September 28th, 2009 08:23 pm by Kristi Tousignant

Love Lockdown

It’s happened to all of us.

You’re laying in your narrow dorm bed trying to somehow get comfortable on your ancient mattress when your hear it. The squeak of a spring. The rustle of blankets. The creak of a bedpost. Maybe a giggle or two.

Your roommate is hooking up.
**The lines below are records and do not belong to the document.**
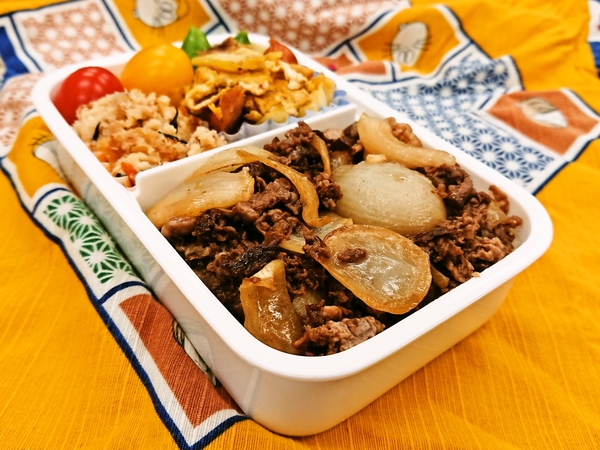 今日の愛妻弁当♪190227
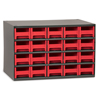 Hardware+and+Craft+Organizers: Akro-Mils - 20-Drawer Storage Hardware and Craft Organizer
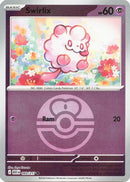 Swirlix (Love Ball) 093 [ME Ascended Heroes]  - Reverse Holofoil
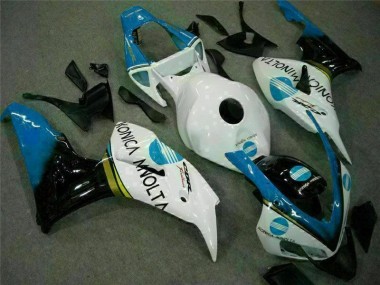 Blanc Carrosserie Honda CBR 1000 RR 2004-2005 Abordables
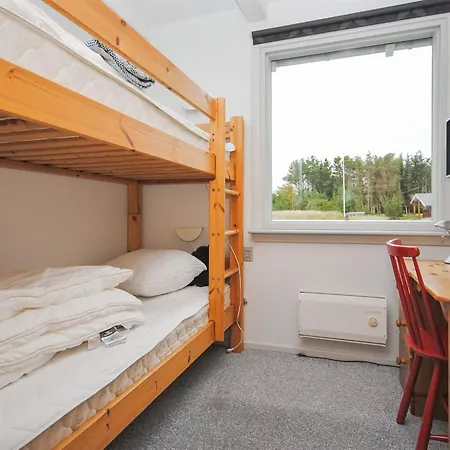 Amber - 500m From The Sea By Interhome * Torsted (Nordjylland)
In the bed just feet away from  you.

Students at Tufts University are now prohibited from engaging in “any sex act in a dorm room while one’s roommate is present.” So Tufts kids looking to get some without consideration to their roomie, best think twice before getting busy in their bunk bed.

A crackdown on sexy time?

A crackdown on sexy time?

The regulation also states that “sexual activity in the room should not interfere with a roommate’s privacy, study habits or sleep.” So no more late night “study sessions,” either.

Apparently, at Tufts, this was the most common source of disagreement between roommates and ResLife there hopes the policy will help kids come to a resolution and compromise in these (dare we say it) sticky situations.

Is this a new rule that ResLife here at this university should consider? Well, with the influx of forced triples and quads here on campus, this could be quite a challenge. With multiple roommates and a set of bunk beds, we feel like the odds of running into this situation are both higher and even more uncomfortable (anyone who has ever had to share a bunk bed knows what I am talking about.)

On the other hand, maybe it is just not a problem here at this university. I mean haven’t the kids at Tufts heard of the simple yet staunch principle of  “sexiling” we all learn our freshmen year? If your roommate is next you with an unknown guest, both hidden by blankets, isn’t that a cue to grab your pillow and head to your best friend’s floor?

To be honest who knows. But as someone who has lived in the dorms and in a triple, I have no trouble imagining that a policy like this would go unenforced here as well.